Polis: 'Sen gazeteci değilsin, bu kartı Cumhurbaşkanlığı vermemiş’’

Polis:+%E2%80%99Sen+gazeteci+de%C4%9Filsin,+bu+kart%C4%B1+Cumhurba%C5%9Fkanl%C4%B1%C4%9F%C4%B1+vermemi%C5%9F%E2%80%99%E2%80%99+
ABONE OL

Basın kartının, Cumhurbaşkanlığı iletişim Başkanlığı tarafından veriliyor olması, gazetecilerin önünde dağ gibi bir engel! Peki kimin gazeteci olduğuna Cumhurbaşkanlığı mı karar vermeli? Tabii ki hayır. Genç gazeteci İzel Sezer, basın kartının onaylanmasının devleti yönetenlerin keyfi kararlarına bırakılmasının sonuçlarını kendi deneyimleriyle aktarıyor...

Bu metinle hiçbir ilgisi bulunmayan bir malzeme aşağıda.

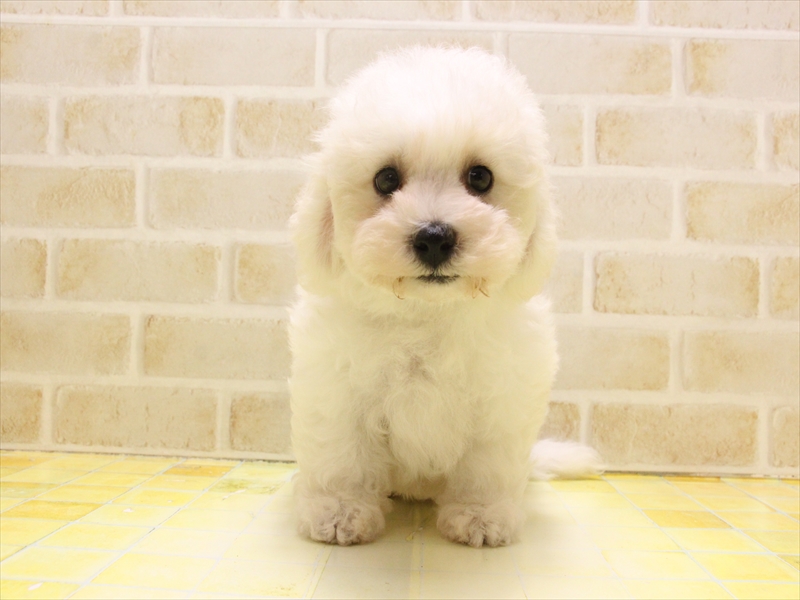 愛知県のビションフリーゼ (ワンラブイオン春日井店/2025年5月10日生まれ/男の子/ホワイト)の子犬の2枚目の画像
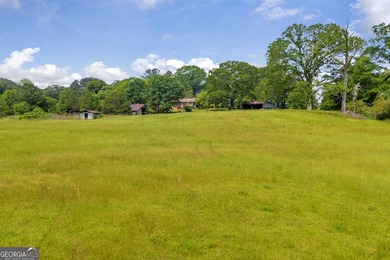Prime Development Opportunity in Hoschton! Currently zoned Ag - photo 16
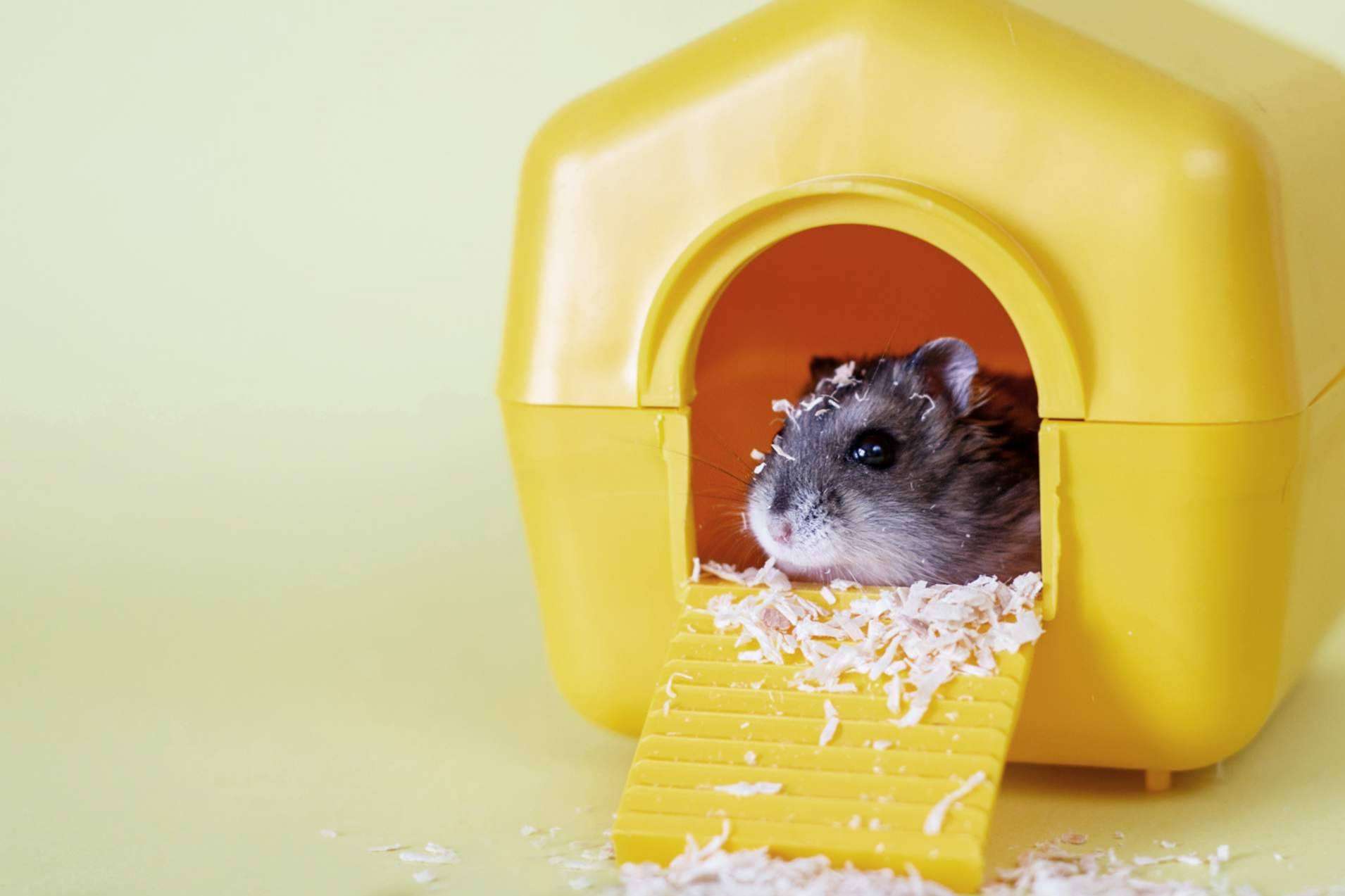 ¿Qué se necesita para la higiene en roedores?, con LovePets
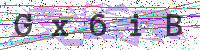 Enter Security Code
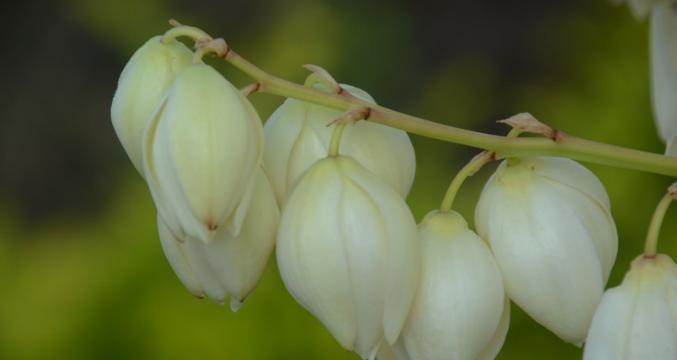 凤尾花代表什么含义？如何正确解读凤尾花的象征意义？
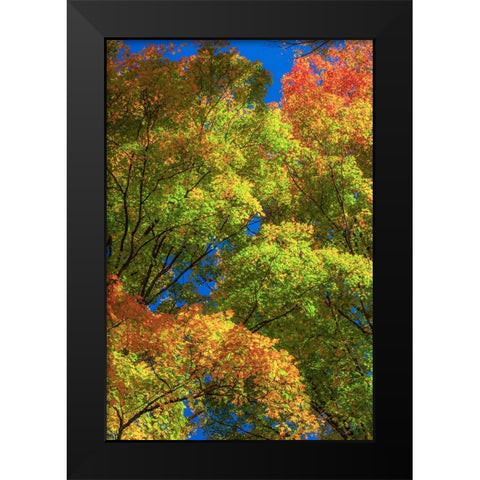 USA-New England-Vermont Autumn looking up into Sugar Maple Trees Black Modern Wood Framed Art Print by Gulin, Sylvia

Ayşegül Kaplan / Serbest Gazeteci

[email protected]

 

Türkiye’de gazetecilik mesleğinin önünde; Cumhurbaşkanlığı İletişim Başkanlığı'na bağlı verilen basın kartının verilmemesi, 212 basın iş sigortasının yapılmaması, internet gazetesinde çalışan birçok gazetecinin meslekten sayılmaması ve muhalif medyada iş bulabilen gazetecilerin hak ihlalalerine uğraması, genç gazeteciler açısından mesleklerini yapmalarının önüne engel olarak çıkıyor.

Genç bir gazeteci olarak mesleğe nasıl baktığını aktaran İzel Sezer, muhalif gazetelerde bile çeşitli hak ihlallerinin ve emek sömürüsünün olduğunun, bunun mücadele ile aşılabileceğinin ve gerçekleri söylemenin bir bedeli olacaksa da bunun göze alınması gerektiğini altını çiziyor.

Sezer, “Öncelikle çalışma alanlarımızdan bahsedecek olursak, Türkiye medyasında uzun zamandır ana akım medya diye bir şey kalmadığını söylememiz mümkün. Dolayısıyla iktidar eliyle şekillendirilmiş medya olarak ifade edebileceğimiz ana akım medyanın dışında, çalışma alanı olarak iktidara yakın ve muhalif medya bulunuyor. Şu an zaten ana akım ve iktidara yakın medya, iktidar lehine bir propaganda aracı haline dönüşmüş durumda. Bu sebepten, sansürü baştan kabul etmeyen gazetecilerin buralarda çalışmasının pek mümkün olmadığını söylemekte bir sakınca görmüyorum. ??Bu alanlar dışında çalışabileceğimiz yalnızca muhalif medya kalıyor geriye. Fakat muhalif medyaya dahil edebileceğimiz birçok gazetede de çeşitli hak ihlallerinin, emek sömürüsünün olduğuna maalesef her geçen gün tanık oluyoruz.” diyor.

"Türkiye’de gazetecilik çok zor bir iş"

”??Sezer,” yaptığımız haberler nedeniyle hakkımızda soruşturmalar başlatılıyor, davalar açılıyor. Haber takibine gittiğimiz yerde polis engellemesine, hakaretlere maruz kalıyoruz; zaman zaman darp ediliyoruz, gözaltına alınıyoruz ve hatta tutuklanıyoruz" ifadelerini kullanıyor.??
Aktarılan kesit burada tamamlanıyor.